In recent Roofing News issues, I’ve been discussing the performance of roofing systems and exploring some moderately successful attempts at quantifying the variables you might encounter in a roofing project and their needed levels of performance. An ultimate success would mean that any system (regardless of composition) meeting the stated criteria could be chosen and succeed.
I also concluded that the American roofing industry is still a long way from applying total performance criteria.Perhaps the success of ASTM E936 for bituminous roofing over insulated steel decks (read Roofing News Issue 81) would’ve had more impact if the industry had not moved into elastomeric, polymer-modified bitumen, thermoplastics, spray polyurethane foam (SPF), and metal systems. Despite the fact that these later roof systems lacked the 100-plus years of experience of BUR, the products and systems moved along nicely.
Petroleum and Labor Considerations
While SPF, metal roofing, and single-ply systems were available as early as the 1960s, it took the oil embargo of 1973-1974 to jumpstart these as viable alternatives to the traditional hot built-up roof. With petroleum in short supply and inflation rampant, these systems were now suddenly viable and competitive – not merely curiosities.
Had E936 been widely accepted back then, the BUR industry would not have introduced two-ply BUR systems and told everyone that “one plus one equals four.” There was little or no research done to assure people that this was true.

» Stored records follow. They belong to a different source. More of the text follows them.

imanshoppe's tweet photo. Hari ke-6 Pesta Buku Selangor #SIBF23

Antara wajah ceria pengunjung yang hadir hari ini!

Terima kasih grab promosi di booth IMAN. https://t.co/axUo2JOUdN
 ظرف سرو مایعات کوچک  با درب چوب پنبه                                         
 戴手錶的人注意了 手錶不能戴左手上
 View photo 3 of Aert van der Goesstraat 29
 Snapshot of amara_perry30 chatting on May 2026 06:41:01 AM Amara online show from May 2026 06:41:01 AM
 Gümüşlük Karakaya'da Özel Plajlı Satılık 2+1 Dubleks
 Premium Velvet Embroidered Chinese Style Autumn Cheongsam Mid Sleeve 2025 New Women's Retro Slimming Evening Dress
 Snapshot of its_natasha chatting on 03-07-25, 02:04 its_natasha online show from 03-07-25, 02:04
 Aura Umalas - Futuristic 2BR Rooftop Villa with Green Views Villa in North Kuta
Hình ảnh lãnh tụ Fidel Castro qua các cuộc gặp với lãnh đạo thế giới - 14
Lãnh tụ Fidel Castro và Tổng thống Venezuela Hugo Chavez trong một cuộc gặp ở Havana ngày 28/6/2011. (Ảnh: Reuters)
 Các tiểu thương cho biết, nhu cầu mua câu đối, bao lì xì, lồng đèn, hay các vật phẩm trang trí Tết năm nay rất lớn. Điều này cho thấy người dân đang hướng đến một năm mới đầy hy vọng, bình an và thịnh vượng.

Europeans faced labor shortages and extreme pricing of petroleum long before these became considerations in the United States. Polymer-modified bitumen, through aggressive testing and standard development, did prove that two modified-bituminous (MB) sheets equaled four BUR plies, and could perform without a flood coat and aggregate surfacing to boot. (Read Roofing News Issue 80 for a list of current ASTM standards and test methods for MB.)
When Prescriptive Specifications Fail
Prescriptive specifications work only when users have years – or even decades or centuries – of experience with a product/system. If it remains unchanged over that long time period, you can have a high degree of confidence that the product/system will still work today.
A graphic illustration of how this can go wrong is ASTM D41 for asphalt roof primer. The specification was originally issued in 1917. There are no performance requirements in it and no tests to verify that a particular product is a primer, that it improves adhesion to a variety of substrates, or that using the primer is better than not using one at all. Basically, D41 just calls for no less than 35-percent solvent and the rest asphalt, and that it be thin enough to flow through a calibrated orifice in not less than 25, or more than 125, seconds (i.e. not be too thin or too thick).
Since the product had only two components, and experience has proven that primer improves adhesion to cementitious, porous, greasy, oily, or dirty surfaces, it’s used regularly both in new construction and in the maintenance, repair, and recoating of most substrates.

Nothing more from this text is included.